*Task item*
From the records that follow, return exactly the lines beginning at the one that contains "Adidas Men's Grey" and ending at the one that contains "Croissant seamless pattern.", pictures left out.

*Supplied records*
== == ==
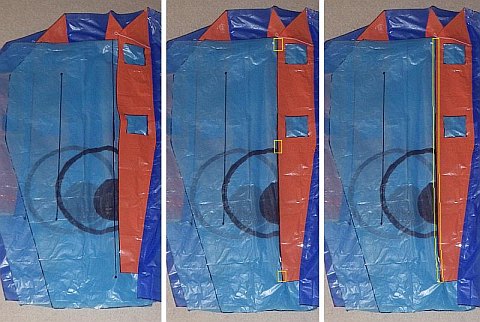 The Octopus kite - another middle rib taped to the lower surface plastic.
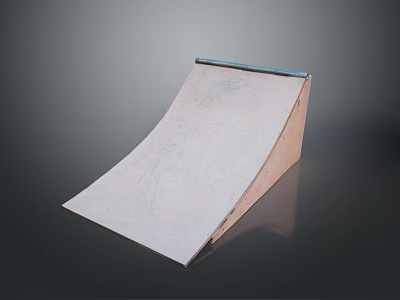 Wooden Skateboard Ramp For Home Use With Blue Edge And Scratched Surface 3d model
== == ==
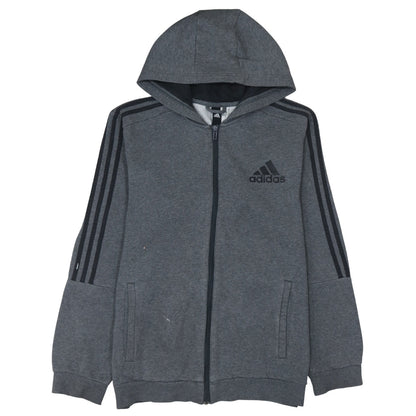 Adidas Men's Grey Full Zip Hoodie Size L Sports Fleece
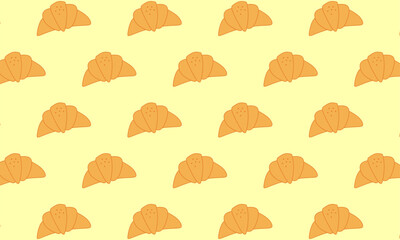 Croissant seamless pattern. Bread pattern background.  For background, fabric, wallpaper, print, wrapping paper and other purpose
== == ==
*Result of this task*
 Adidas Men's Grey Full Zip Hoodie Size L Sports Fleece
 Croissant seamless pattern. Bread pattern background.  For background, fabric, wallpaper, print, wrapping paper and other purpose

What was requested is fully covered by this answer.